The way Conv layers work is that you get to choose how many “filters” you define in a given layer. Each filter will have the same number of channels as the input to that layer (3 in this case). The number of output channels is determined by how many filters you choose to have, which is 6 in this case. If the size of the filter is f = 5, then each filter will be 5 x 5 x 3, because the input has 3 channels, right? Then each filter outputs a 28 x 28 x 1 output and there are 6 of those stacked together.

So 6 is a “hyperparameter” meaning a value that the system designer (Yann LeCun in this case) chose and then experimentally verified as a good choice.

BTW I have not taken the TF specialization, so I don’t know how much they explain about ConvNets. Perhaps they are assuming you’ve already taken DLS Course 4, which explains in detail how ConvNets work.

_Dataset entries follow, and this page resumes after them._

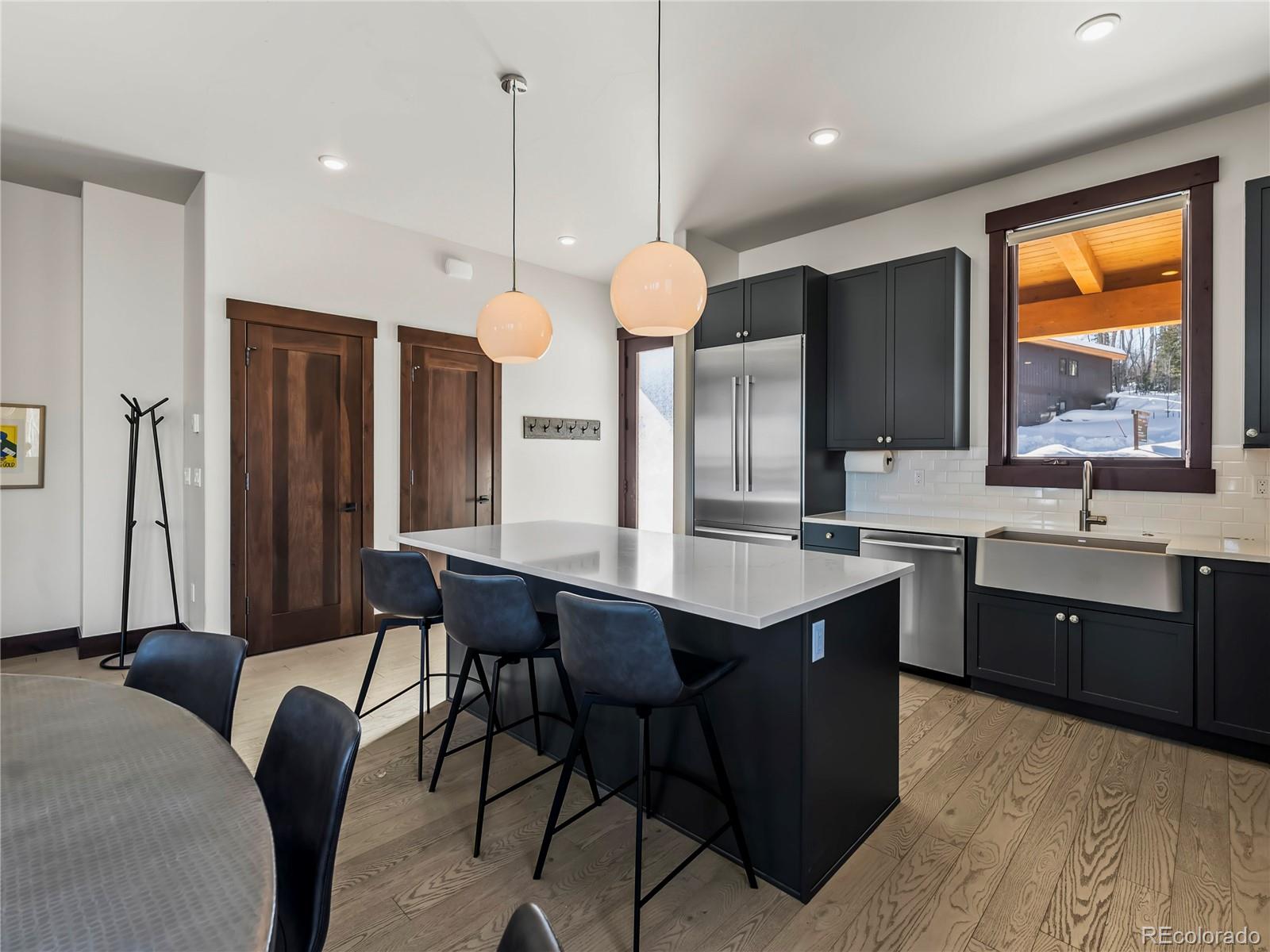 MLS Image #8 for 90  glazer trail,silverthorne, Colorado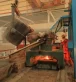 Steel Manufacturer in UAE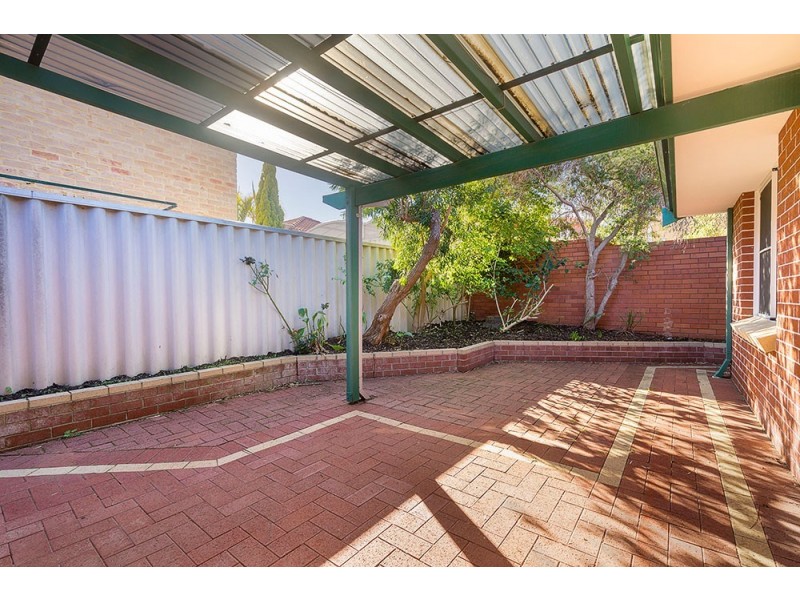 3/108 Millcrest Street, Doubleview WA 6018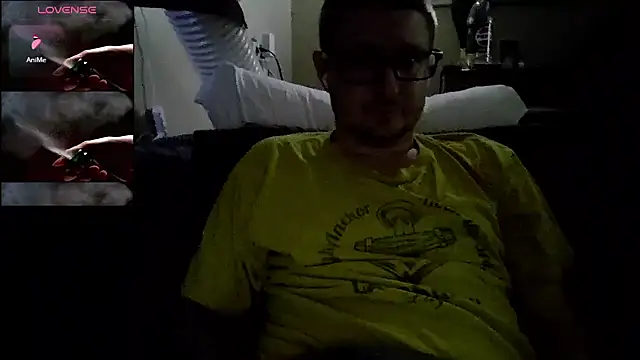 Snapshot of nottolkien2you chatting on 07.18.26 nottolkien2you online show from 07.18.26
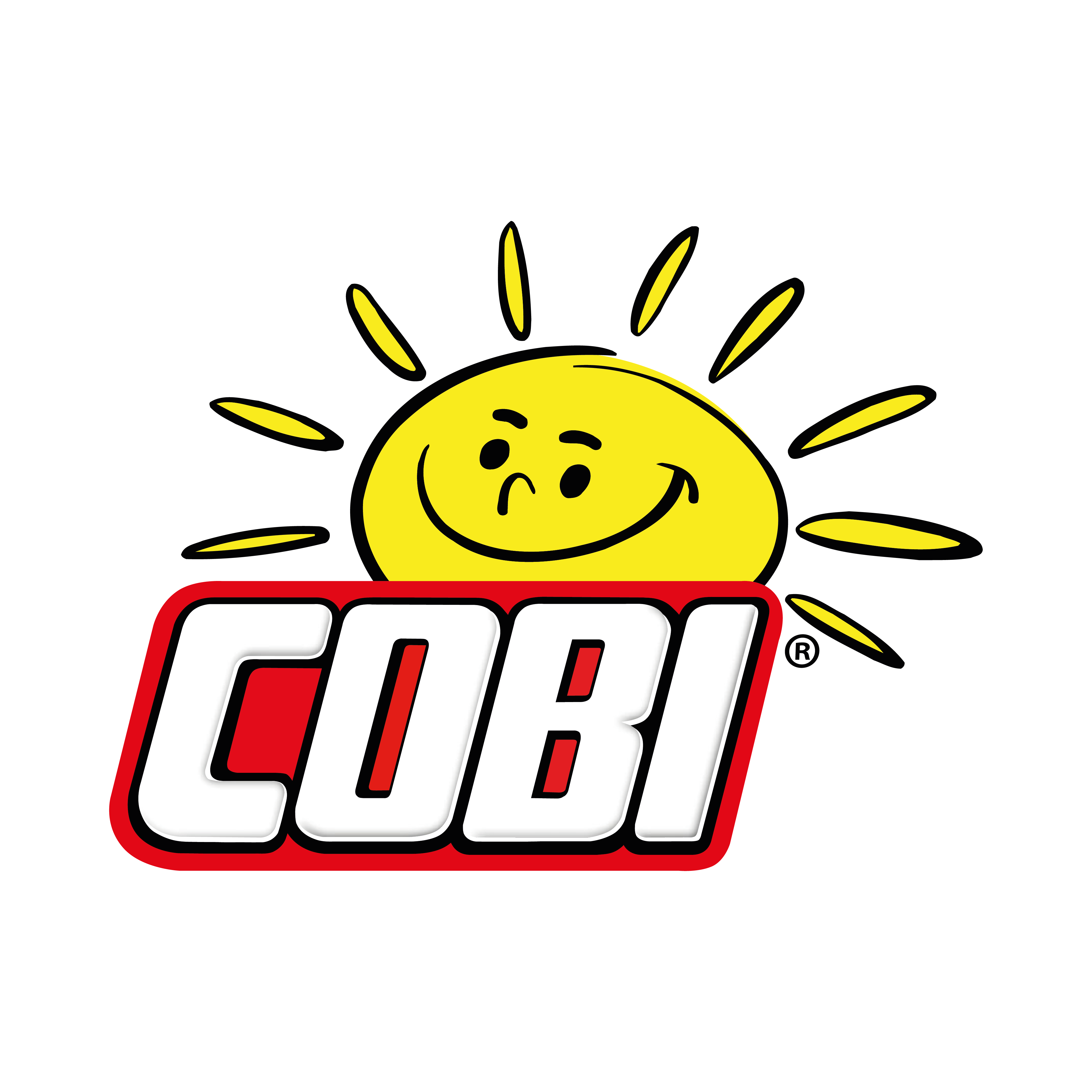 COBI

Also note that the formula for determining the size of the h and w dimensions is:

n_{out} = \displaystyle \lfloor \frac {n_{in} + 2p - f}{s} \rfloor + 1

In this case it is using “valid” padding (p = 0) and stride of 1, so that gives:

n_{out} = 32 - 5 + 1 = 28

Thank you very much. Your explain let me have chance to understand it in another perspective.